My home is my castle», dicen —o decíyan— los ingleses. El castillo de Enrique Lodares, fiel a la cita de marzo con una clientela que le responde con idéntica lealtad, se abre por entero, incluida la bien provista biblioteca que preside el magnífico retrato de Enrique pintado por Luis Viguer. En las enfundadas sillas, un público femenino casi en su totalidad contempla embebido el desfile de nueve modelos muy atractivas, a las que el modisto ha querido representar —son sus palabras aproximadas— «como mujeres guapetonas, muy en plan de riquísimas sudamericanas pelín horterillas, pero opulentas, de las de las que «aquí estoy yo». Y es que, entre las comprobadas cualidades de Lodares no es la menor su sentido del humor, con el que (más o menos perceptiblemente) adereza sus inconfundibles colecciones.

Y en efecto: allí estaban ellas, con la estupenda Ana Moliner a la cabeza, moños en alto y supermaquilladas por A. M. M. (Amparo y María), caminando airosas sobre los zapatos de Pepe Moreno, siempre maravillosamente enguantadas: largos o cortos, de sport o de raso, de la veterana firma Guantes Camps.

Enrique Lodares nunca ha abandonado su camino, ajeno a tendencias fulgurantes y ateniéndose a un gusto aquilatado por esas gotas de humor ya aludidas, sobre el firme cimiento de una gran cultura y un buen dominio de la historia del arte. Todo ello le permite «hacer de su capa un sayo» y, por lo tanto, idear los sayos que le apetezcan removiendo la alta costura resplandeciente de mediados del XX. A mi lado, una espectadora comentaba, extasiada: «¡Ay, cómo me recuerda Vacaciones en Roma!» Algo había de aquello: faldas anchísimas disparadas desde cinturas anulares, o faldas rectas bien ajustadas a las naturales curvas. Sólo dos pantalones: un pirata de satín topo con chaquetón capa y un perfecto Deauville blanco con cuerpo rojo de escote drapeado. Los encajes se encaraman a menudo sobre esos tejidos que Lodares selecciona con mimo: desde el lino y los piqués de algodón hasta la gama de shatung, gazar, taffetas y organza. Pocos estampados, en su mayoría florales y llamativos, excepto un piqué blanco a dibujos paisley naranja, en un bonito dúo vestido-abrigo, marca de la casa. En esta colección he apreciado, además, muy buenas revisiones de la línea camisero, hasta en un elegante abrigo de organza avellana bordeado de anchas tiras de pedrería a juego con el cinturón, llegando al virtuosismo en un traje de fiesta de tul gris humo bordado en negro, con pata delantera y cinturón listado.
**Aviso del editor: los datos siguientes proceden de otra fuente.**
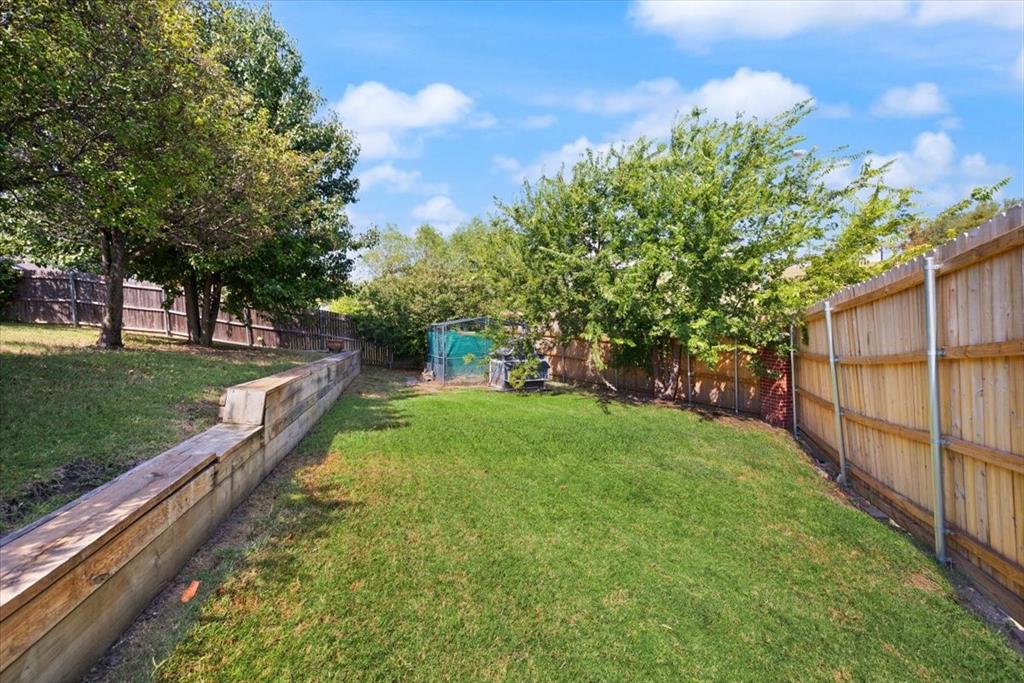 10200 Fieldcrest Drive Property Photo 40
El imperecedero motivo de lunares blanco y negro es objeto de un atinado tratamiento, tanto en un vestido sin hombros de corte princesa como en la versión festiva, de gran vuelo y estrictos ribetes negros. Y desde luego me encantó su interpretación del little black dress, en crêpe, con espalda al bies y caída en frunce desde el escote ovalado, orlado de satín para marcar el contraste mate-brillo.
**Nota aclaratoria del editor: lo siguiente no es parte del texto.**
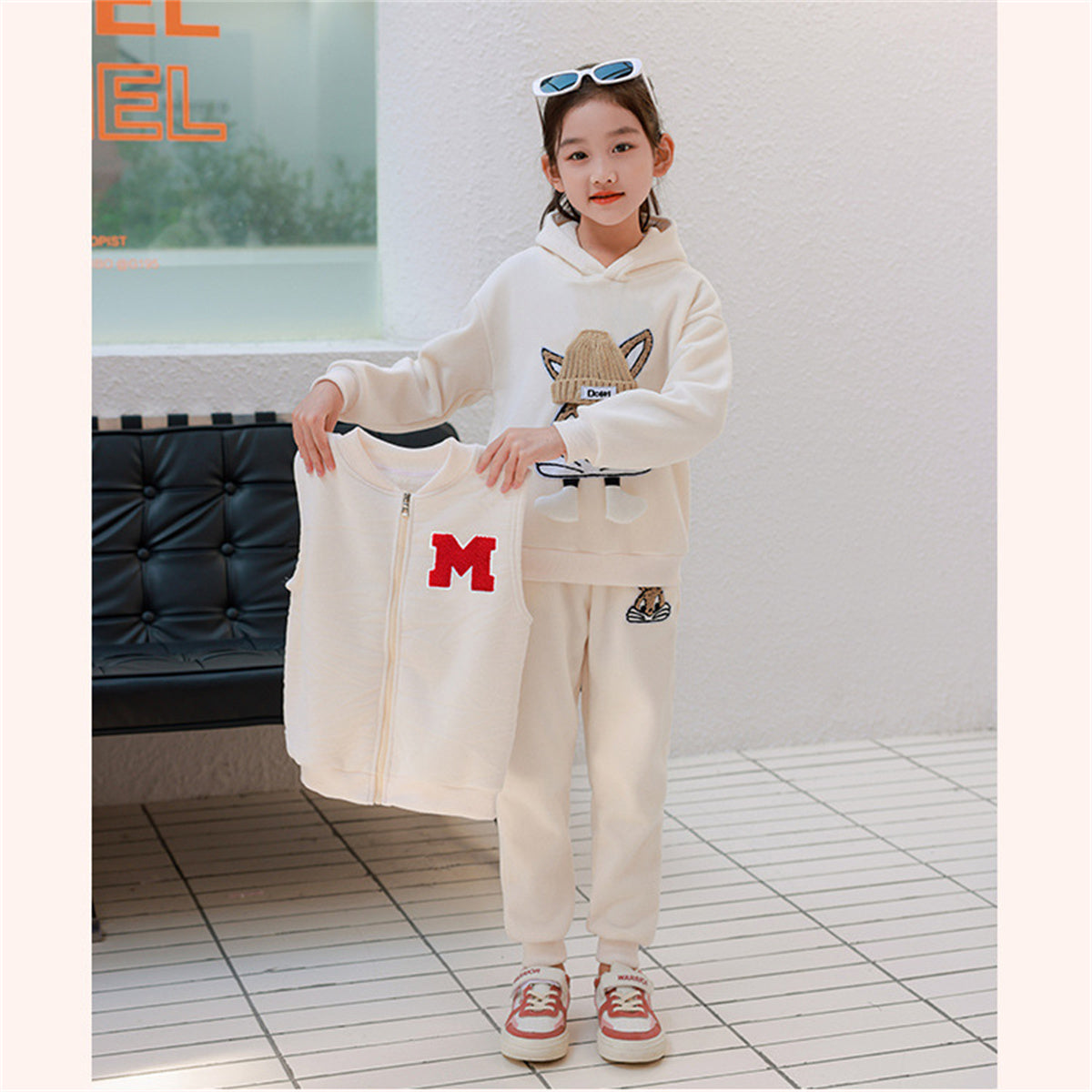 Girls autumn and winter three-piece suits plus velvet and thick sports casual style cute pattern multi-piece suit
La música, que venía sonando al compás de mambos y boleros, adquirió la cadencia de las orquestas de hace medio siglo (Mantovani, Frank Pourcel) al llegar la hora nocturna y las grandes toilettes. Una de ellas, con generosa abertura para asomar pierna a lo Angelina Jolie, en un modelo cuajado de lentejuelas doradas, con fajín rosa palo.

Final en rosa envolvente y brindis con champán. Entre la asistencia, Mayrén Beneyto, Cristina Rosario, Blanca y Laura Fitera, Alicia Ansurias, M.ª Luisa Domínguez y Josep Lozano. Lodares recibió los fuertes aplausos con la sonrisa cómplice del que se sabe la ida y la vuelta, y practica la moda con amor, sin tomarse demasiado en serio. Toda una filosofía.